Huge runs of nested if/else statements
When you see a function spanning 1000 lines and having dozens of nested if blocks, there is an enormous chance it can be rewritten to
use a better data structure and organize the input data in a more appropriate manner (e.g. a hashtable, which will map one input value to another in a single call),
use a formula, a loop, or sometimes just an existing function which performs the same logic in 10 lines or less (e.g. this notorious example comes to my mind, but the general idea applies to other cases),
use guard clauses to prevent nesting (guard clauses give more confidence into the state of variables throughout the function, because they get rid of exceptional cases as soon as possible),
at least replace with a switch statement where appropriate.
Refactor when you feel it's a code smell, but don't over-engineer
Having said all this, you should not spend sleepless nights over having a couple of conditionals now and there. While these answers can provide some general rules of thumb, the best way to be able to detect constructs which need refactoring is through experience. Over time, some patterns emerge that result in modifying the same clauses over and over again.
There is another sense in which if can be evil: when it comes instead of polymorphism.
E.g.
if (animal.isFrog()) croak(animal)
else if (animal.isDog()) bark(animal)
else if (animal.isLion()) roar(animal)
instead of
animal.emitSound()
But basically if is a perfectly acceptable tool for what it does. It can be abused and misused of course, but it is nowhere near the status of goto.
A good quote from Code Complete:
Code as if whoever maintains your program is a violent psychopath who
knows where you live.
— Anonymous
IOW, keep it simple. If the readability of your application will be enhanced by using a predicate in a particular area, use it. Otherwise, use the 'if' and move on.
I think it depends on what you're doing to be honest.
If you have a simple if..else statement, why use a predicate?
If you can, use a switch for larger if replacements, and then if the option to use a predicate for large operations (where it makes sense, otherwise your code will be a nightmare to maintain), use it.
This guy seems to have been a bit pedantic for my liking. Replacing all if's with Predicates is just crazy talk.
There is the Anti-If campaign which started earlier in the year. The main premise being that many nested if statements often can often be replaced with polymorphism.
I would be interested to see an example of using the Predicate instead. Is this more along the lines of functional programming?

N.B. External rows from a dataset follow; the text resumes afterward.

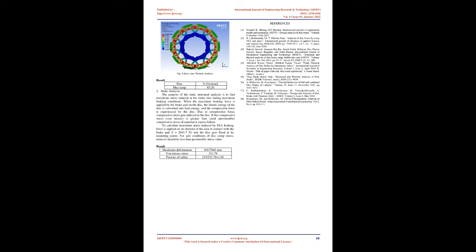To calculate maximum stress induced by FEA, braking force is applied on an element of the area in contact with the brake pad, F equals 2041.7 N, and the disc gets fixed at its mounting points. For safe conditions of disc, compressive stress induced should be less than permissible stress value. Result.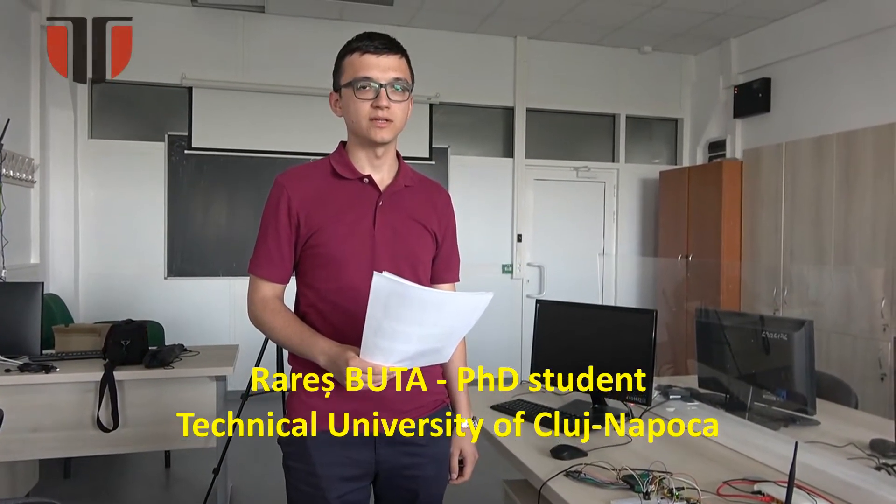Hello, my name is Raresh Buta and I'm a PhD student at the Technical University of Cluj-Napoca. I'm going to present a Red Pitaya-based large bandwidth, low-cost software-defined radio architecture.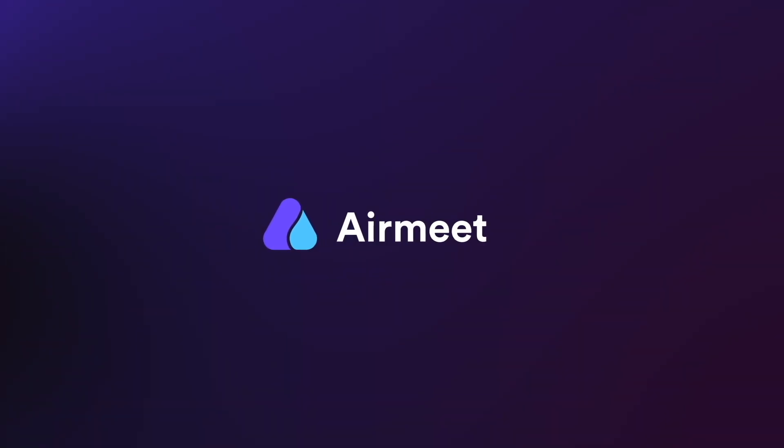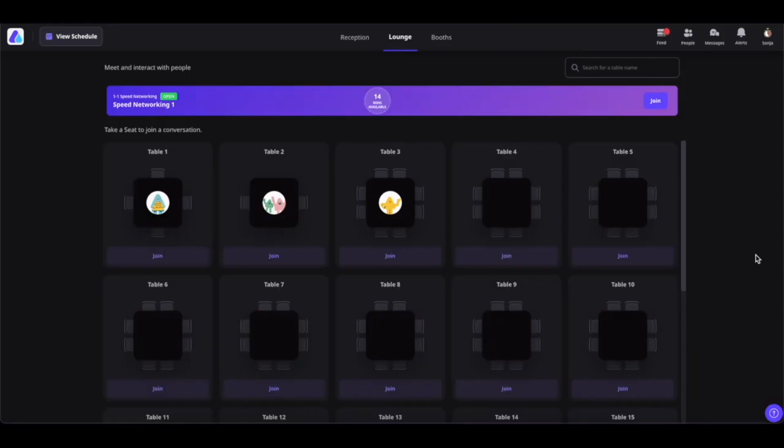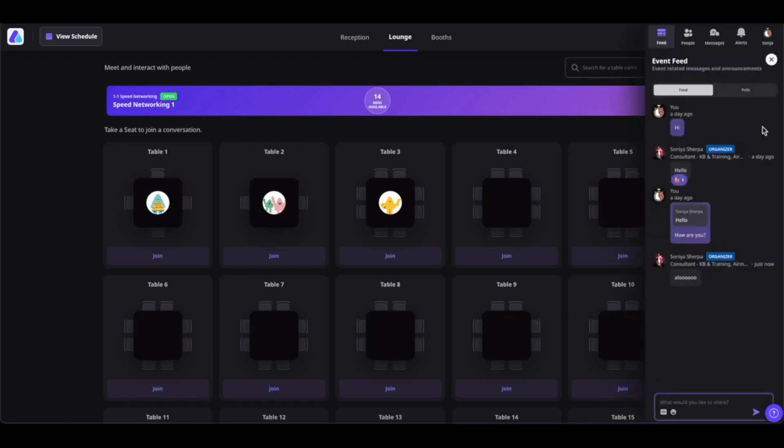Hello there. In this video, I will give you a quick guide on how to report somebody who is abusing the chats during the event. Let's get started. First, go inside your event and click on Feed.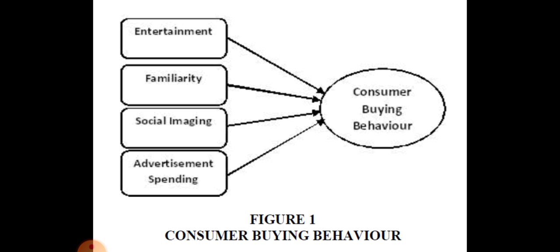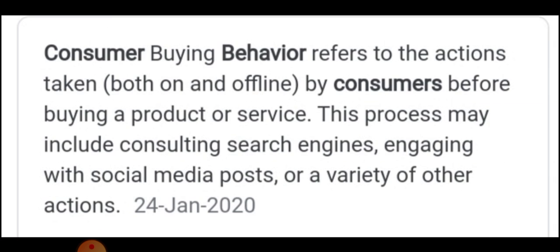So buying behavior refers to the actions taken both online and offline by consumers before buying a product or service. So it literally explains you about what kind of activities you do before making a purchase. That is what we consider as consumer buying behavior. It might be consulting search engines, engaging with social media posts, or a variety of other actions. Anything that you try to get information about the product — that is what we consider as consumer buying behavior.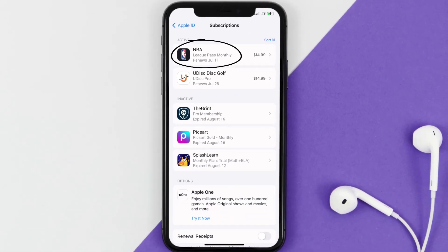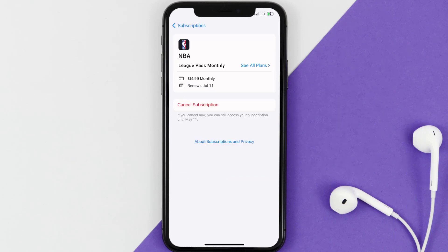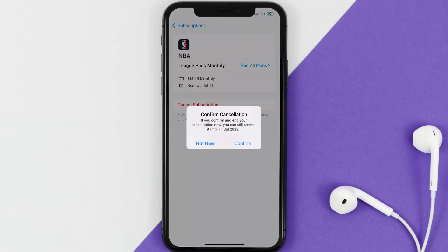Next, tap on NBA under the active subscriptions section, and then in here you'll have the option to cancel subscription at the bottom of the screen. Simply tap on it, and a pop-up will come up that reads confirm cancellation. Then hit confirm, and you'll not be charged anymore.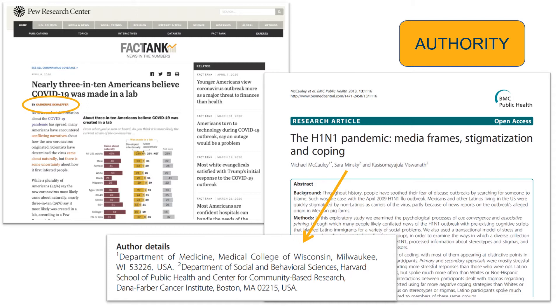Many times you can find information about the author, such as their credentials or affiliated institutions, by clicking on their names or visiting the About Us page of a website.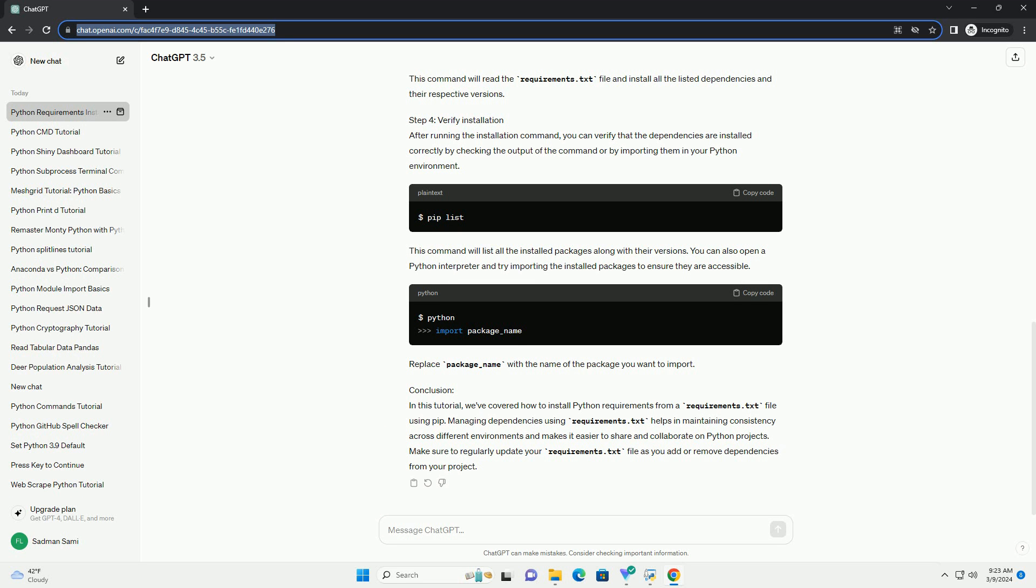Step 3: Install requirements using pip. Once you're in the project directory, you can use the following command to install the dependencies listed in the requirements.txt file. This command will read the requirements.txt file and install all the listed dependencies and their respective versions.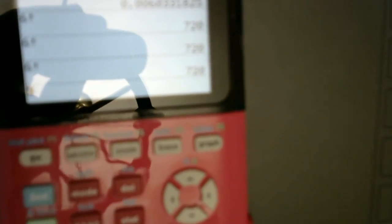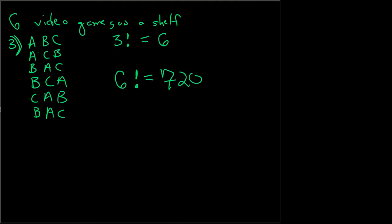It gives me 720, and so this is how we find the solutions when we're looking for the combination where we can have every possible order.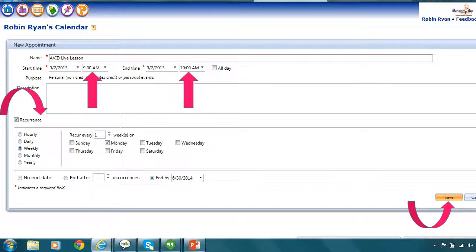And then again, I want to hit recurrence because live lessons are something I'm going to go to every week. So I'm going to put weekly, reoccurring once a week. And then I'm going to put the day of the week that that live lesson is on. So for example, my live lessons may be on Mondays every week from 9 to 10. And again, I'm going to hit save.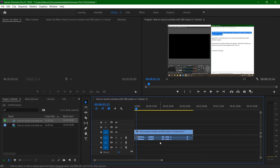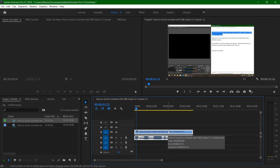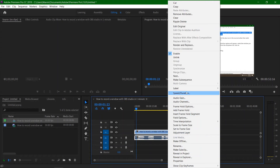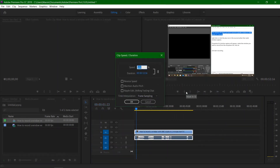Select the clip you want to speed up. Right click and select Speed/Duration. Click the chain icon to edit the percentage. I will input 200% to double the speed of the clip.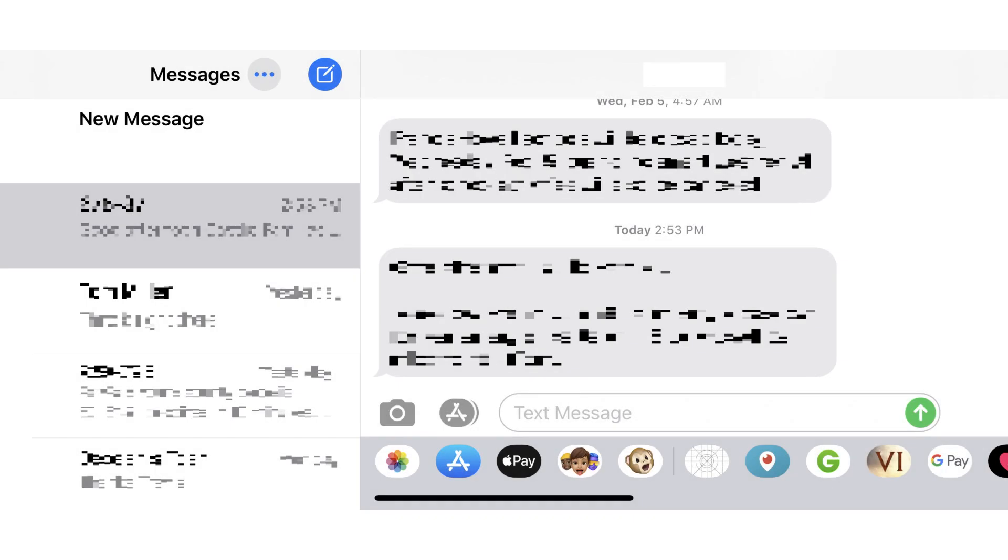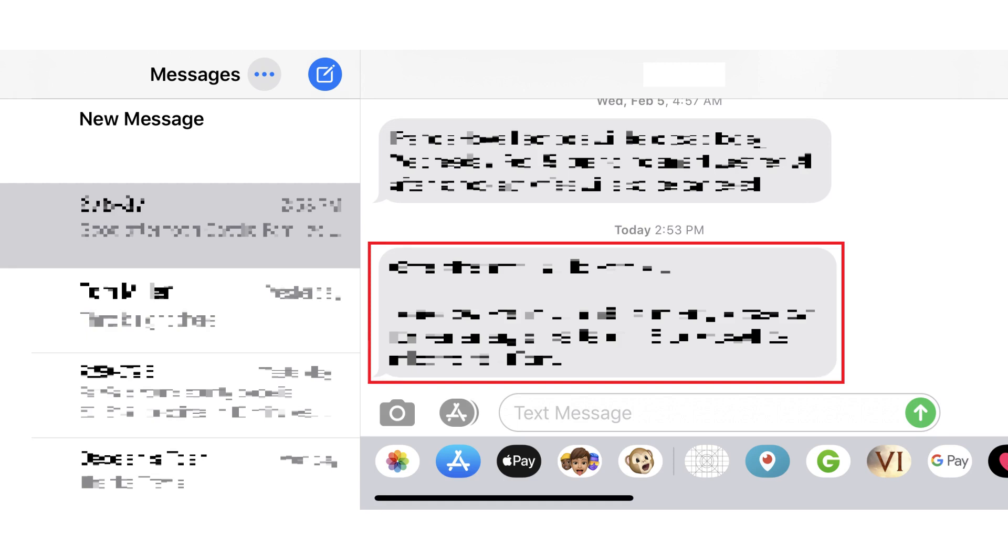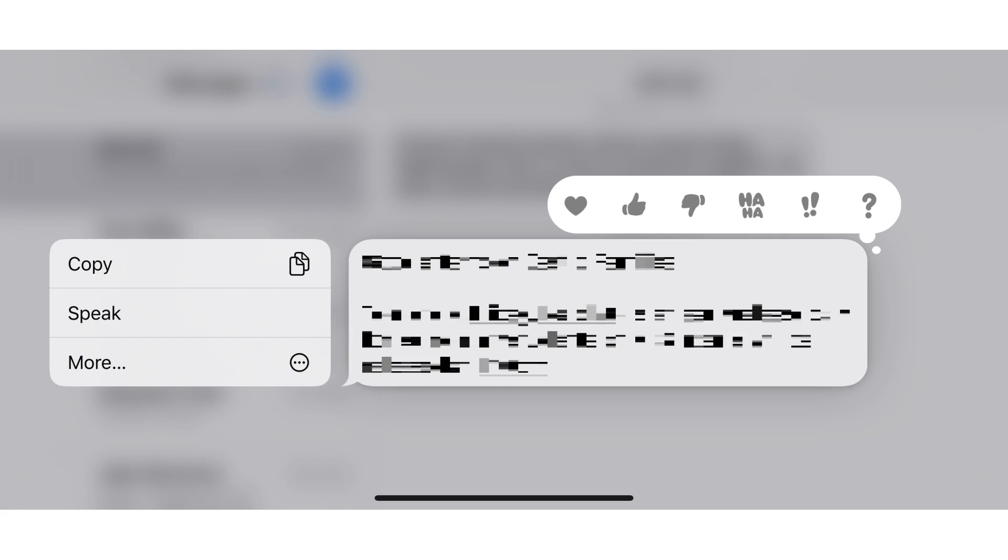Step 1: Launch the Messages app on your iPhone. You'll land on your Messages home screen. Step 2: Hold your finger against any one of the message bubbles in the text conversation. The message will pop out and additional menu options will appear on the screen.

Just like in the bible verse about money, if statements are not evil -- the LOVE of if statements is evil. A program without if statements is a ridiculous idea, and using them as necessary is essential. But a program that has 100 if-else if blocks in a row (which, sadly, I have seen) is definitely evil.
I have to say that I recently have begun to view if statements as a code smell: especially when you find yourself repeating the same condition several times. But there's something you need to understand about code smells: they don't necessarily mean that the code is bad. They just mean that there's a good chance the code is bad.
For instance, comments are listed as a code smell by Martin Fowler, but I wouldn't take anyone seriously who says "comments are evil; don't use them".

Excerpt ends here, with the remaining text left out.